Namun, indikator momentum seperti RSI dan MACD mulai mendatar, mencerminkan keraguan investor di dekat rekor tertinggi. Dengan volume yang melonjak hingga lebih dari 220 juta saham pada 31 Juli, penurunan yang terjadi baru-baru ini mungkin merupakan aksi ambil untung dan bukan kerusakan struktural. Namun demikian, para trader harus memantau dengan seksama $175 sebagai pivot jangka pendek. Penembusan di bawah ini yang terkonfirmasi dapat menyebabkan penurunan menuju level psikologis $170, sementara pemantulan dari sini akan membuat pola bullish tetap hidup.

Dinamika harga saham Nvidia (Mei 2025 - Juli 2025). Sumber: TradingView
Ketidakmampuan saham untuk mempertahankan level di atas $180 setelah beberapa kali pengujian menunjukkan meningkatnya resistensi di antara para investor untuk mengejar level tertinggi baru tanpa katalis baru. Untuk saat ini, NVDA kemungkinan akan berkonsolidasi dalam channel sideways antara $175 dan $183 sebelum pergerakan terarah berikutnya.
Konteks dan sentimen pasar
Aksi harga Nvidia baru-baru ini mencerminkan ketidakpastian pasar yang lebih luas daripada kelemahan spesifik perusahaan. Sisi positifnya, pendapatan teknologi besar terus mendukung narasi bullish AI. Pendapatan Microsoft baru-baru ini mengungkapkan belanja modal kuartalan sebesar $24 miliar, sementara Meta Platforms meningkatkan prospek pengeluarannya pada tahun 2025 menjadi $66-72 miliar. Kedua perusahaan tersebut menegaskan kembali niat mereka untuk memprioritaskan infrastruktur AI - yang sebagian besar bergantung pada GPU Nvidia. Perkembangan ini memberikan dorongan kuat bagi pertumbuhan jangka panjang Nvidia, terutama di sektor pusat data dan AI perusahaan.
Menambah latar belakang positif, inisiatif "Stargate Norway" yang diumumkan minggu lalu dapat menjadi proyek penting. Dengan rencana untuk menggunakan 100.000 GPU Nvidia pada akhir tahun 2026, ini merupakan salah satu pesanan perangkat keras AI terbesar hingga saat ini.

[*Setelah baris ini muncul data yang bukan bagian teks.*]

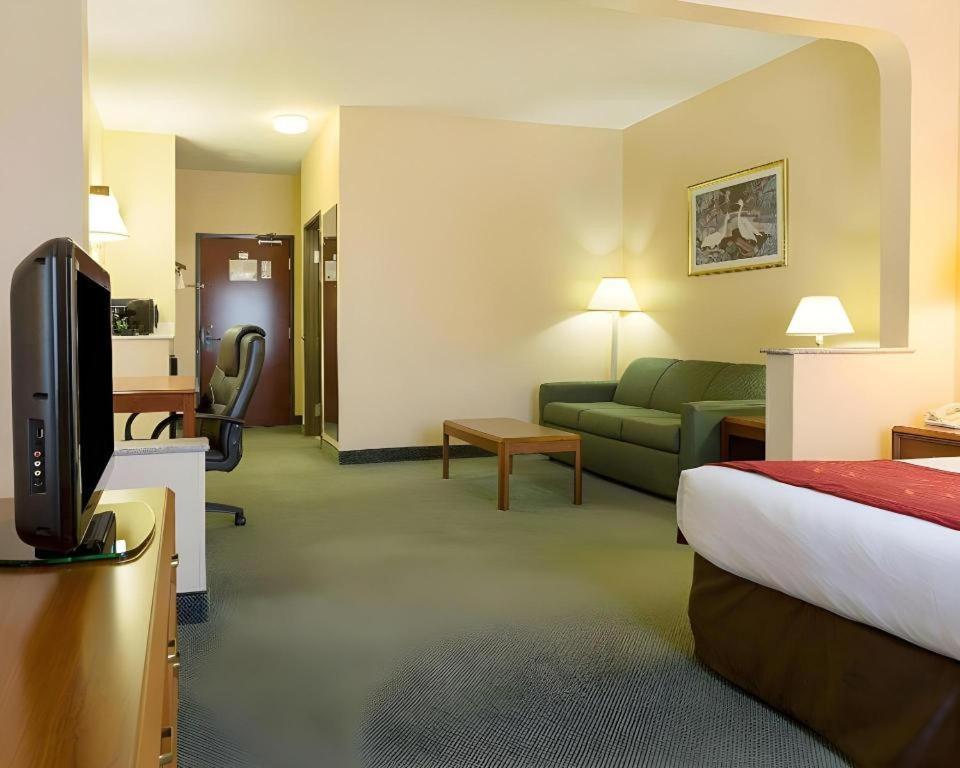 Comfort Suites Лапорт Экстерьер фото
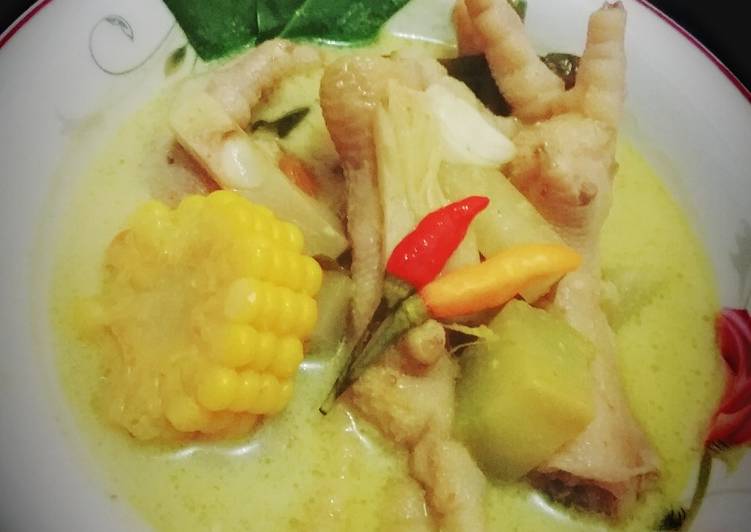 Sayur lodeh ceker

Hal ini memperkuat posisi dominan Nvidia dalam pengembangan AI global, terutama untuk beban kerja pelatihan dan kesimpulan.

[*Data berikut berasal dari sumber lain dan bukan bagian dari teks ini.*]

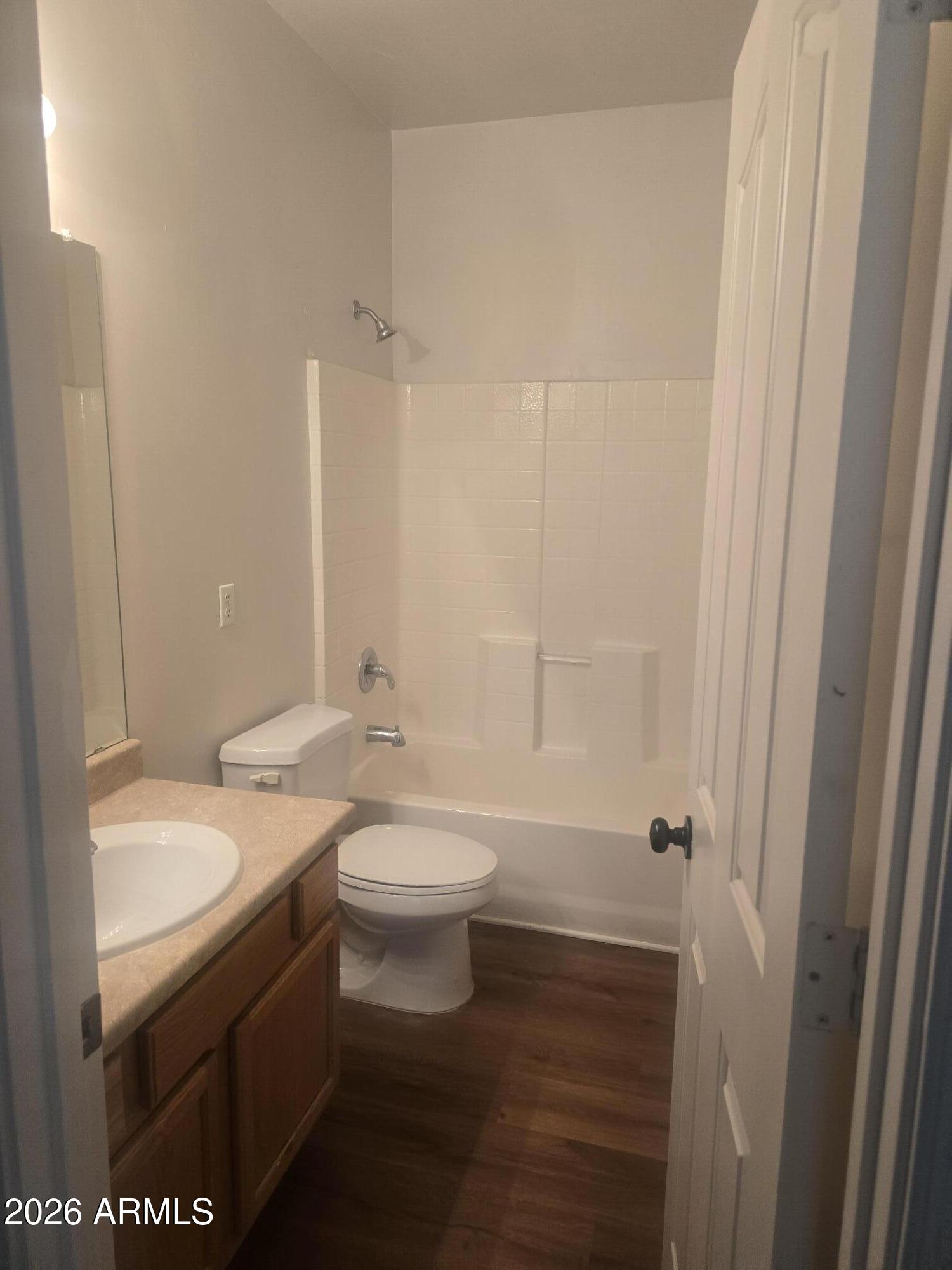 206 E LAWRENCE Boulevard 117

Namun, saham Nvidia terus mengalami penurunan secara episodik karena masalah makro dan geopolitik. Pada awal 2025, saham Nvidia kehilangan hampir $600 miliar kapitalisasi pasar setelah pengumuman model AI berbiaya rendah dari DeepSeek. Meskipun Nvidia dengan cepat pulih, episode ini mengingatkan investor akan rapuhnya parit di sekitar perangkat keras AI. Selain itu, kekhawatiran baru akan pembatasan ekspor AS terhadap chip AI kelas atas ke China telah muncul kembali. Pembatasan ini dapat membatasi pertumbuhan Nvidia di pasar-pasar utama negara berkembang jika diterapkan secara luas.
Perkiraan harga dan skenario jangka pendek
Dalam jangka pendek, Nvidia diperkirakan akan tetap berada dalam kisaran karena pasar mencerna sinyal makro yang beragam dan menunggu katalis lebih lanjut. Saham ini diproyeksikan akan diperdagangkan antara $170 dan $185 selama satu hingga dua minggu ke depan. Skenario dasar mengasumsikan konsolidasi lanjutan di zona $175-178. Jika support di $175 bertahan, rebound menuju $180 mungkin terjadi, meskipun momentum kenaikan yang berkelanjutan akan membutuhkan pendorong baru, seperti pendapatan yang kuat atau kemitraan AI baru.
Dalam skenario bullish, penembusan bersih di atas $183 dapat menyebabkan reli cepat menuju $188-190, terutama jika pendapatan dari Alphabet atau Amazon menunjukkan peningkatan pengeluaran terkait AI. Sebaliknya, hasil bearish dapat membuat NVDA menembus di bawah $175, membuka pintu untuk mundur ke $168-170, terutama jika ketegangan AS-Tiongkok meningkat atau The Fed memberi sinyal kebijakan yang lebih ketat.
Morgan Stanley menaikkan target harga 12 bulan untuk Nvidia dari $170 menjadi $200, dengan alasan melonjaknya permintaan untuk chip Blackwell yang baru dan peningkatan pendapatan yang tajam. Analis Joseph Moore mempertahankan peringkat Overweight, menekankan bahwa permintaan terus melebihi pasokan.